Ce que je voulais mettre en évidence, c’est comment on peut juridiquement aboutir à une annulation en faisant valoir que les deniers publics sont utilisés de façon contestable, au détriment d’une collectivité, s’il apparaît que cette dernière n’aura aucun intérêt à récupérer l’édifice que le locataire, association cultuelle, construit. Bien sûr l’article est difficile à lire quand on n’a pas les connaissances juridiques nécessaires pour le lire. Mais un avocat comprendra cette argumentation pour ceux qui voudraient mener de telles actions. C’était le but de mon article.
Fondamentalement, c’est quand même de la laïcité, principe constitutionnel, qu’il est question. Si l’édifice récupéré présente l’appartenance à une religion, c’est bien que la collectivité qui le réutiliserait tel quel manque à sa neutralité. La laïcité ce n’est donc pas seulement traiter toutes les religions de la même façon, comme le dit l’arrêt du Conseil d’Etat de 2011, c’est aussi le fait que les collectivités ne doivent dans leurs locaux présenter aucun signe religieux émanant d’elles. On peut donc penser que l’absence de reconnaissance des cultes par les collectivités devrait être un principe constitutionnel. Dès lors, le BEA cultuel sera généralement contraire à la Constitution.
Le bail emphyteotique rend et admet pérenne l’ensemble des revendications musulmanes ,avec adaptation du droit …s’entend .En tous les cas pas pour moi!!!
Honte aux élus qui vendent nos valeurs ,us et co^tumes au mépris des dispositions légales en vigueur.
Je n’ai pas de statistiques sur l’usage fait des BEA cultuels, mais ce sont des bombes à retardement. Utiliser un bail à long terme est un manque de courage de la part des élus, qui n’osent pas dire de front ce qu’ils font. Ils devraient plutôt procéder à une vente en bonne et due forme, avec un prix réel, et s’ils n’en ont pas le courage, assumer publiquement le fait qu’ils bradent un terrain voire le donnent. C’est malheureux de voir que cette technique ancestrale est utilisée pour duper car 99% des gens ne savent pas ce qu’est un bail emphytéotique, alors que la même proportion sait ce qu’est une vente déséquilibrée ou une donation (la première n’étant pas très loin de la seconde; combien de paysans ont dans le passé vendu à l’héritier préféré des terres pour une bouchée de pain? ça, c’est bien dans nos moeurs…).
@Maxime
Bien OK avec vous : le BEA n’est pas un bail, et est donc une hyprocrisie.

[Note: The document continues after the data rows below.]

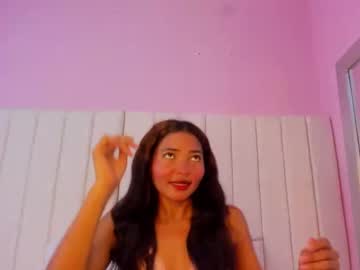 Rafhaela_28 Chaturbate stream image from March 18, 2025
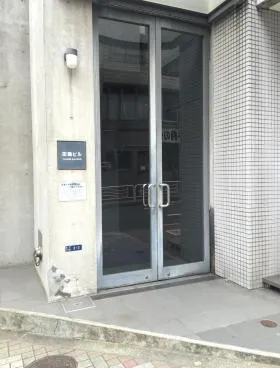 田辺ビルの外観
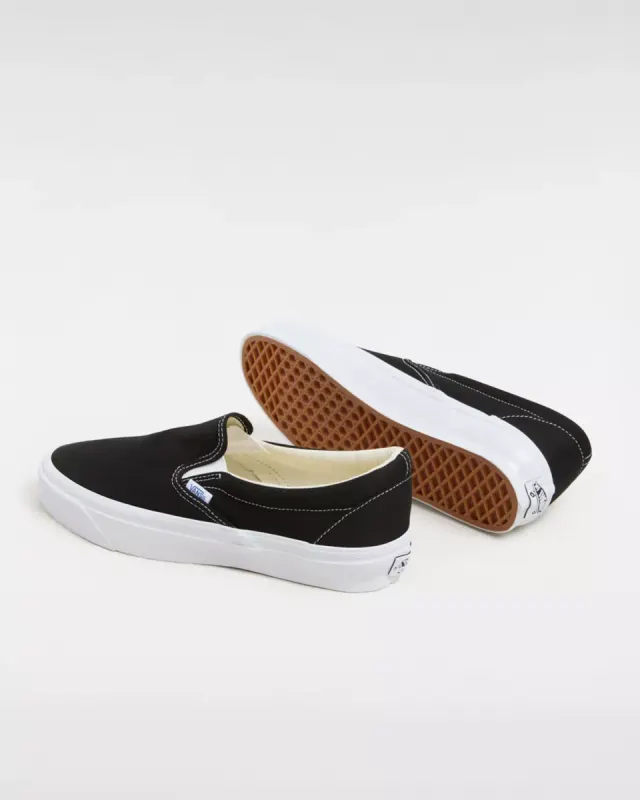 VANS Premium Slip-on 98 Zwart (VN000CSEBA2)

L’ancien « bail à construction » sur lequel il est copié, est vidé de son sens.
J’avais vu les arrêts que vous citez, mais ne voulais pas faire un article encore plus long.
Je n’aime pas beaucoup l’expression » bloc de constitutionnalité, » elle me semble inutile, tendancieuse et dangereuse, la loi de 1905 n’est pas dans la constitution mais elle lui est soumise, comme toute loi. La laïcité ne se fonde d’ailleurs pas (ou pas seulement) sur la loi de 1905, mais sur l’article 2 de la constitution de 1958 dit que :
art. 2 de la constitution de 1958 :
» La France est une République indivisible, laïque, démocratique et sociale ».
(article dont il serait intéressant de retracer l’histoire, ainsi que du préambule de la constitution de 1946 repris dans celle de 1958)
Par conséquent toutes nos lois doivent être soumises à la laïcité, qui est dans la constitution. Le BEA respecte-t-il cet article 2 ?…
Mais avez-vous lu l’article du salon beige sur le Conseil d’Etat, estimant que le Conseil d’Etat n’est plus indépendant du gouvernement et est « aux ordres » ?…Cela explique toute la jurisprudence du Conseil d’Etat…
Oui, il vaut mieux, pour faire annuler de telles décisions, éviter de parler de la constitution, bien que cela soit choquant, et se réfugier dans la notion d’intérêt ou dans celle de vil prix ou de lésion.
Les déclarations récentes de Cazeneuve sur le fait qu’il s’opposera par tout moyen aux maires qui refuseront de construire des mosquées, peuvent nous faire froid dans le dos.